(Scraped caption text data)
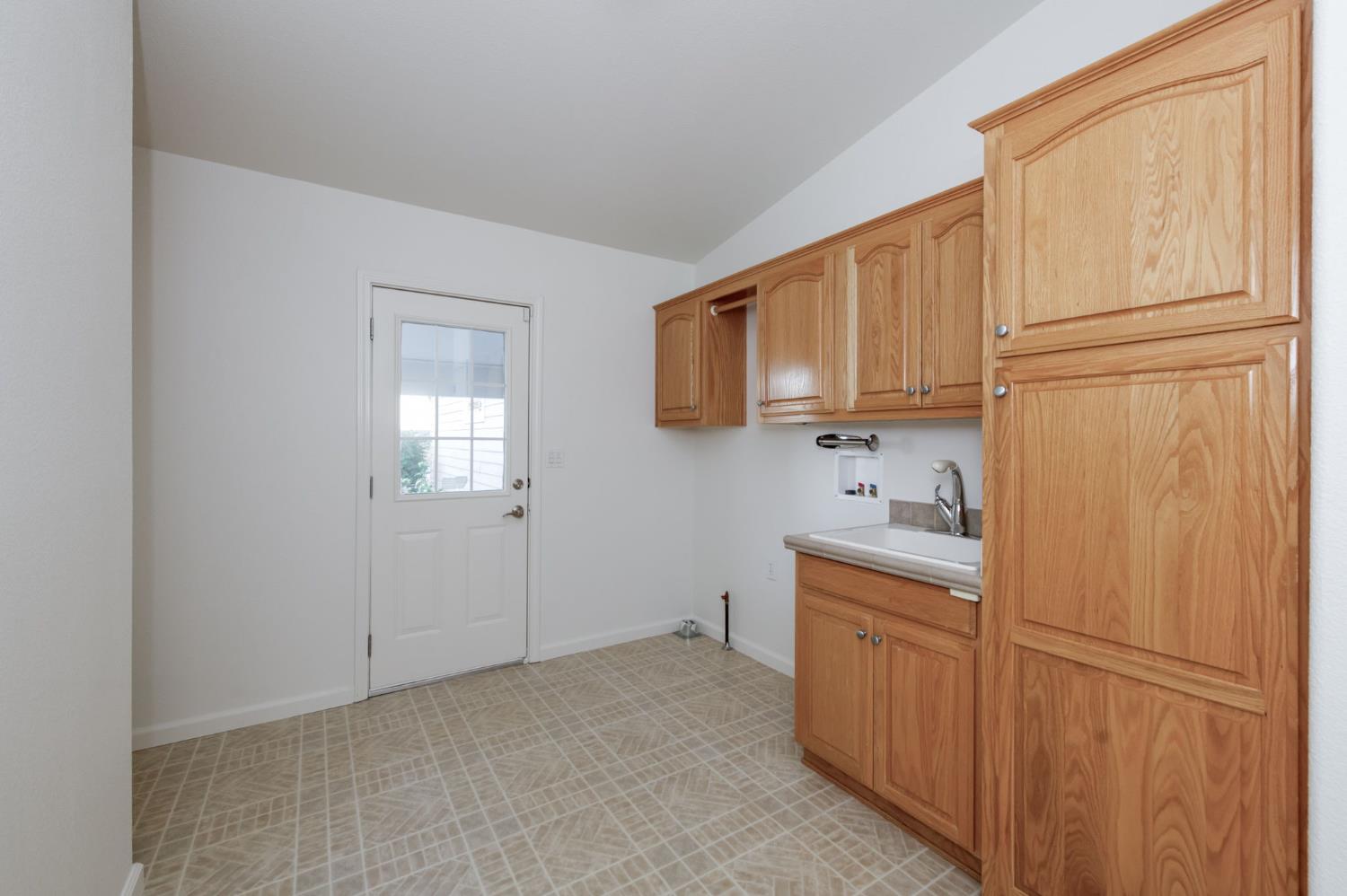 8646 Cairo Avenue Laton, CA 93242 - Photo 25 of 38 a kitchen with cabinets appliances and a window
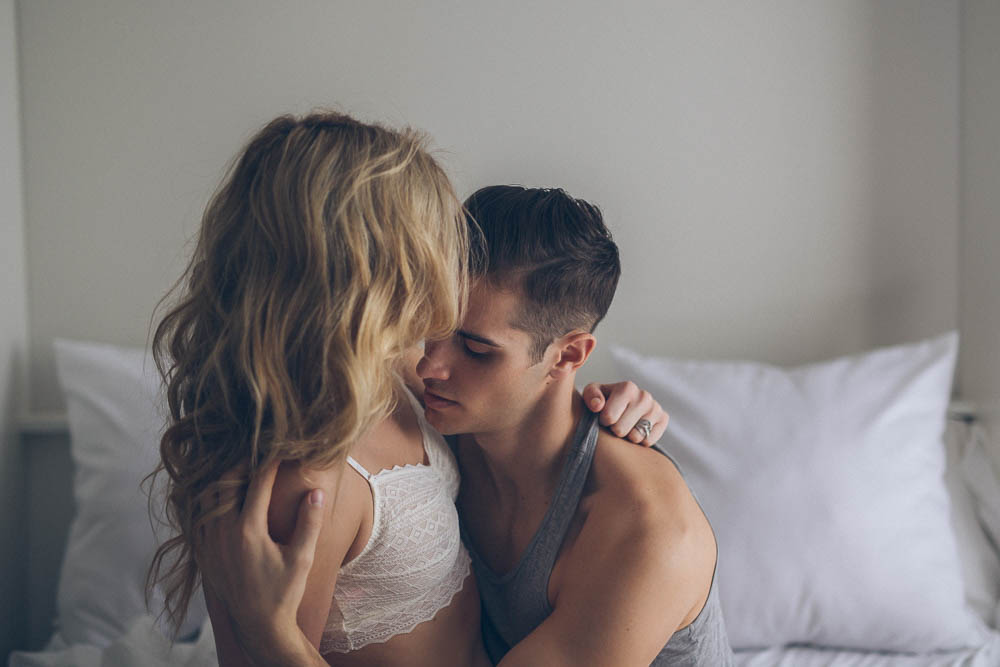 Sexy-Pillow-Fight-Couple-Boudoir (3 of 15)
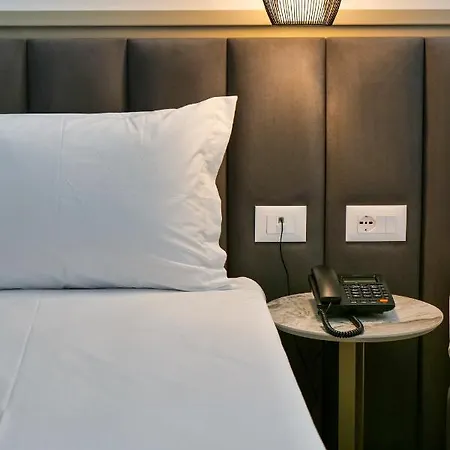 Chimaera Hotel 4*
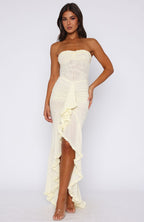 Damen Elegantes Strapless Maxikleid mit raffinierten Rüschendetails und asymmetrischem Schnitt R&B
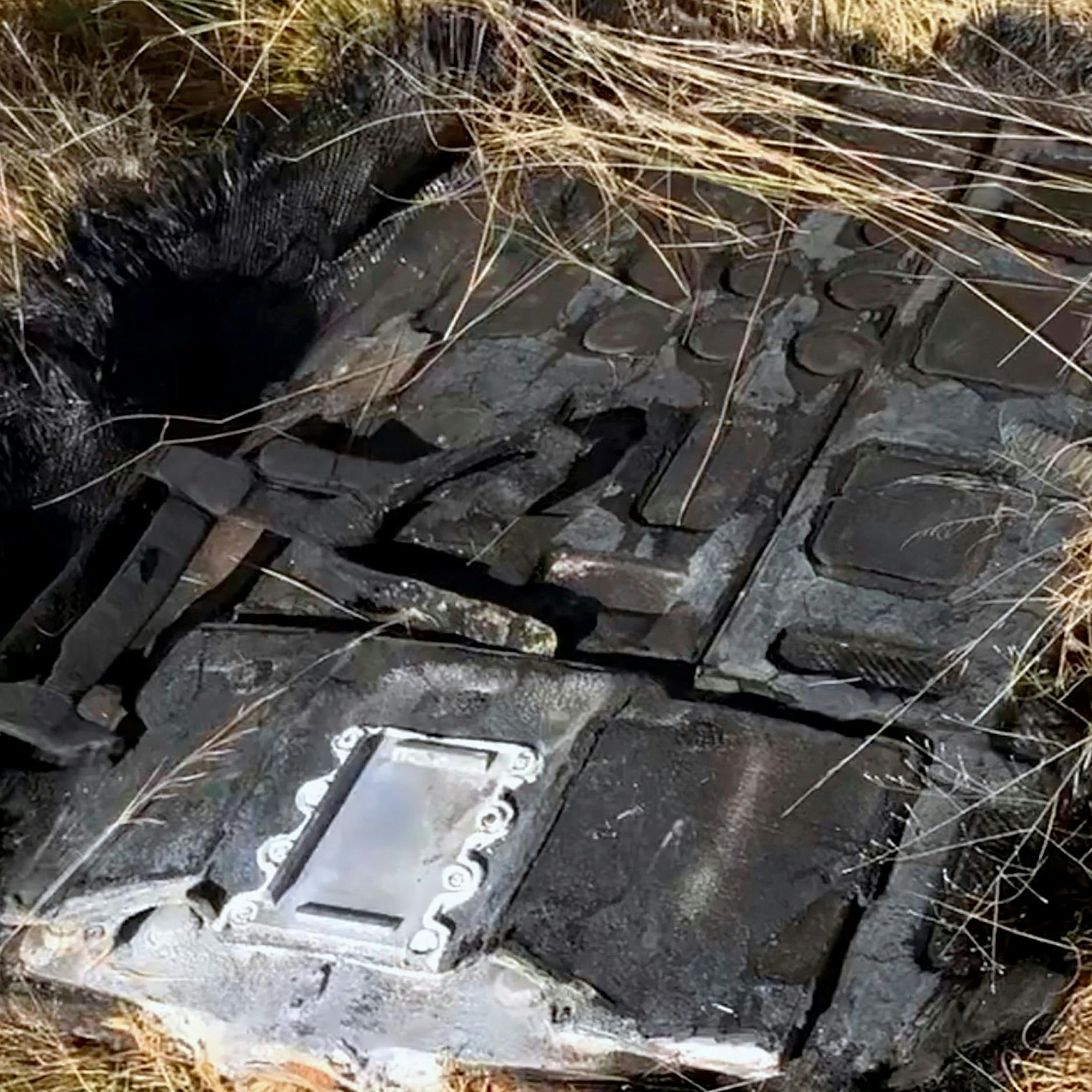 Vom Himmel hoch, da komm ich her – australischer Schafzüchter findet abgestürzte SpaceX-Raketenreste auf seiner Weide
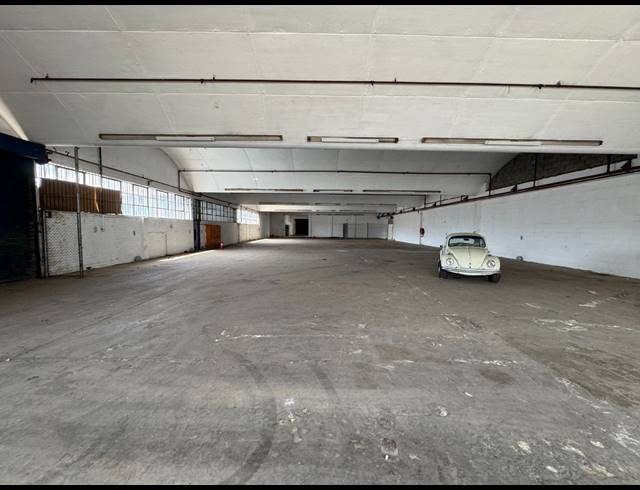 1,399M² WAREHOUSE TO LET IN INDUSTRIA WEST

# Work to be completed:
From the line containing "Chimaera Hotel 4*" down to the last line of the entries above, copy each line exactly and nothing more. Leave pictures out.

# Reply to the task:
 Chimaera Hotel 4*
 Damen Elegantes Strapless Maxikleid mit raffinierten Rüschendetails und asymmetrischem Schnitt R&B
 Vom Himmel hoch, da komm ich her – australischer Schafzüchter findet abgestürzte SpaceX-Raketenreste auf seiner Weide
 1,399M² WAREHOUSE TO LET IN INDUSTRIA WEST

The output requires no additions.